Friday was my last day at Tremor Media and Monday begins my first day at Crispin Porter + Bogusky ( yes it's + and not & ). So for a couple days I'm technically unemployed but that isn't the big deal about this change. The big deal about this is that Monday morning I will get up, I will get dressed in a way that is appropriate for public consumption, then I will leave the house and, for the first time in 7 years, go into an office to work. For the previous 7 years I have been a work-at-home employee at 3 different companies and, as people tend to do in times of change, I have been reflecting on what I am giving up and thought I would share some nuggets with you. Why should you care? You shouldn't. Why do I think you might care? Because I've spent the last 7 years of my life working at home with 2 kids and my wife in the same home and managed not to get fired and was even productive.

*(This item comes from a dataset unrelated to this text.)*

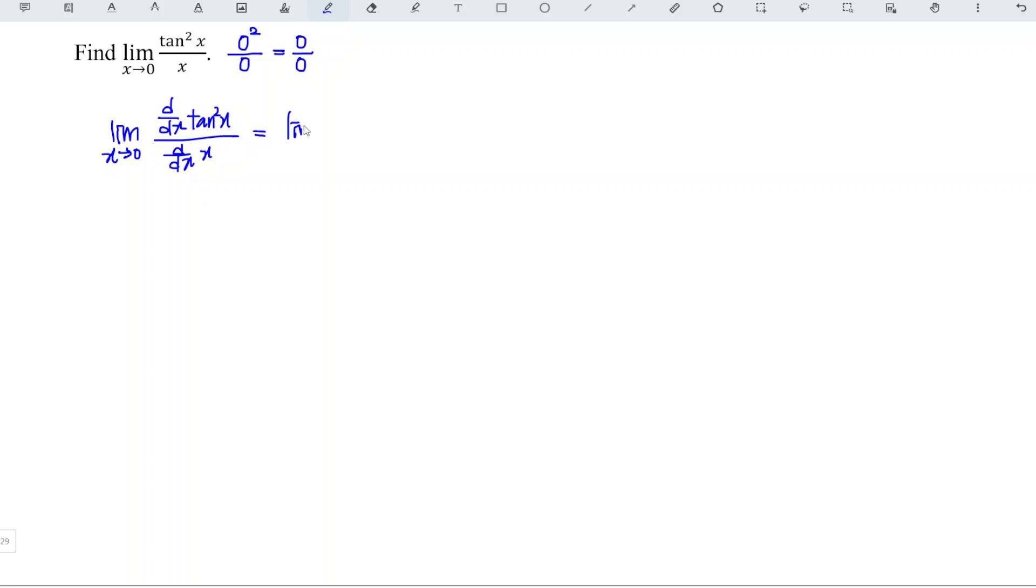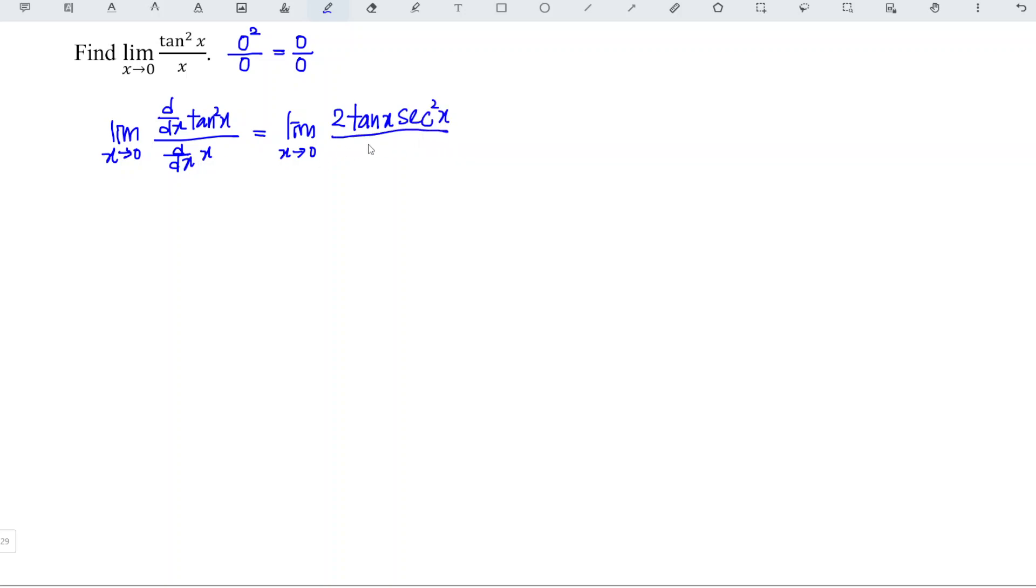And hence, we will obtain, when we differentiate tangent squared, we bring down the power, which is 2 tangent x, and when we differentiate tangent, it's supposed to be secant squared x. And we differentiate x, we obtain 1.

1. Your couch is not your office.

Sorry if you have visions of working at home, crashing comfortably on your couch, feet up, keeping up with Guiding Light and As The World Turns but no matter what you may think you are not being productive. Set up an office space and work in it, having an office space will go a long way to reducing distractions and being productive. You probably already have an office with a personal computer and full of what ever supports your hobby. Make a part of this office 100% for your work. Your hobby will always be more interesting than your work and will distract you if you are staring at it.

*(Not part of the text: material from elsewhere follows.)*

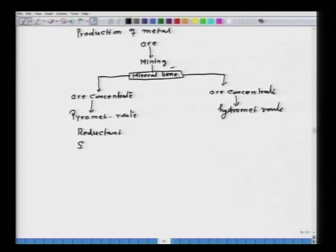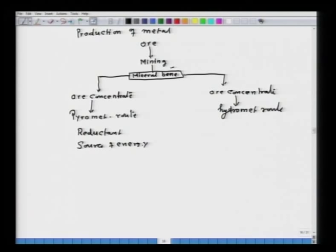From pyromet, you require a reductant and a source of energy. From hydromet, the metal is brought into solution followed by separation. For large tonnage metal production, the pyrometallurgical route is the most preferred, as a large amount of metal can be produced by this method. We notice that in pyrometallurgical extraction, a large amount of energy is required.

Can you spot where my work space used to be?

2. It's 10 pm do you know where your family is?

Set expectations with your peers on when you will be at your desk and then live up to them. Until I figured this out I found myself working all day, eating dinner with the family and then working until my eyes wouldn't stay open and I would go to bed. Then the next day I would start work a little later, do the same thing and stay up a little later. The next day: start later and stay up later and so on until I would just crash and then nothing would get done until I reset. This cycle repeated over and over until I figured out that I need to stop treating this like my own startup and more like a job at a company. I set a start time and, no matter how late I stayed up, I would start working then. I also set a time that I was done at the end of the day and I would turn off the monitor and sound. This doesn't mean I didn't work late sometimes, it means that working late isn't the status quo. Once I started doing this I found that I got burned out a lot less and my family wasn't so frustrated with my absence. This made a lot more since to me after reading Micah's post on burning out.

3. Your phone has a mute button, use it.

Meetings that used to happen in a conference room now happen on the phone and while your office may have been quiet or at least respectful of your call you shouldn't expect as much from the dog or family. Nothing is more distracting than hearing someone's dog yap away, put your phone on mute unless your contributing to the conversation. And while we are on the topic of phone conversations, no one wants to hear how your in your pajamas. Seriously, it might be funny with your friends but it's not with your coworkers.

Well that is my advice to anyone who is getting ready to work from home, it pretty much boils down to being professional. Enjoy your time at home, I sure did but I'm done with it and ready to try office life again. Got some tips about surviving office life? I'd love to hear them in the comments.